Cross-Attention Between Satellite and Ground Views for Enhanced Fine-Grained Robot Geo-Localization
Document Type
Conference
Source
2024 IEEE/CVF Winter Conference on Applications of Computer Vision (WACV) WACV Applications of Computer Vision (WACV), 2024 IEEE/CVF Winter Conference on. :1238-1245 Jan, 2024
Subject
Computing and Processing
Location awareness
Computer vision
Satellites
Correlation
Estimation
Network architecture
Robustness
Algorithms
Image recognition and understanding
Applications
Autonomous Driving
Robotics
Language
ISSN
2642-9381
Abstract
Cross-view image geo-localization aims to determine the locations of outdoor robots by mapping current street-view images with GPS-tagged satellite image patches. Recent works have attained a remarkable level of accuracy in identifying which satellite patches the robot is in, where the location of the central pixel within the matched satellite patch is used as the robot coarse location estimation.

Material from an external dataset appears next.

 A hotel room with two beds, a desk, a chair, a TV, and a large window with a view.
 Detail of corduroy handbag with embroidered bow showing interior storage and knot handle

This work focuses on robot fine-grained localization within a known satellite patch. Existing fine-grain localization work utilizes correlation operation to obtain similarity between satellite image local descriptors and street-view global descriptors. The correlation operation based on liner matching simplifies the interaction process between two views, leading to a large distance error and affecting model generalization. To address this issue, we devise a cross-view feature fusion network with self-attention and cross-attention layers to replace correlation operation. Additionally, we combine classification and regression prediction to further decrease location distance error. Experiments show that our novel network architecture outperforms the state-of-the-art, exhibiting better generalization capabilities in unseen areas. Specifically, our method reduces the median localization distance error by 43% and 50% respectively in the same area and unseen areas on the VIGOR benchmark.